Sunday, March 15, 2009

Shea Stadium removed from panorama

From NY1:

With baseball season just around the corner, the Queens Museum of Art is updating its giant panorama of the city to include Citi Field, the Mets' new stadium.

The model of Shea Stadium is being taken out over the weekend and replaced and the new miniature stadium will be unveiled on Monday.

As for Yankee Stadium, the big switch will occur when the old stadium gets torn down.

10 comments:

Anonymous said...

I wonder if they will include the worst POS I saw floating under the Whitestone Bridge yesterday.
How about a prefab house on a trailor strapped to a barge !

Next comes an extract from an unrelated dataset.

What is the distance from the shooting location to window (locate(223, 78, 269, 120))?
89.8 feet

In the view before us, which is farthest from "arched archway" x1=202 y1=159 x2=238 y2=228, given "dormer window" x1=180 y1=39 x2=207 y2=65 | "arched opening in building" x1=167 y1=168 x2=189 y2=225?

2 Story butt ugly "Shoe Box" with a bay window in the shape of a Cat eye.
Lower 1/2 the first floor
Upper 1/2 the top floor
It had some external steps leading up to a 2nd floor.

I swear these architects and builders using CAD all need to be shot on sight. They have gone mad !

I wonder who in Bayside or Whitestone is getting stuck with this ?

Queens Crapper said...

You mean this?

This baby's headed to Glen Cove!

Anonymous said...

Funny, too, that the DOT removed the Shea signs from the highways and replaced them with "Citifield" but there are still signs for Parkway Hospital, Mary Immaculate Hospital, and St. John's Hospital.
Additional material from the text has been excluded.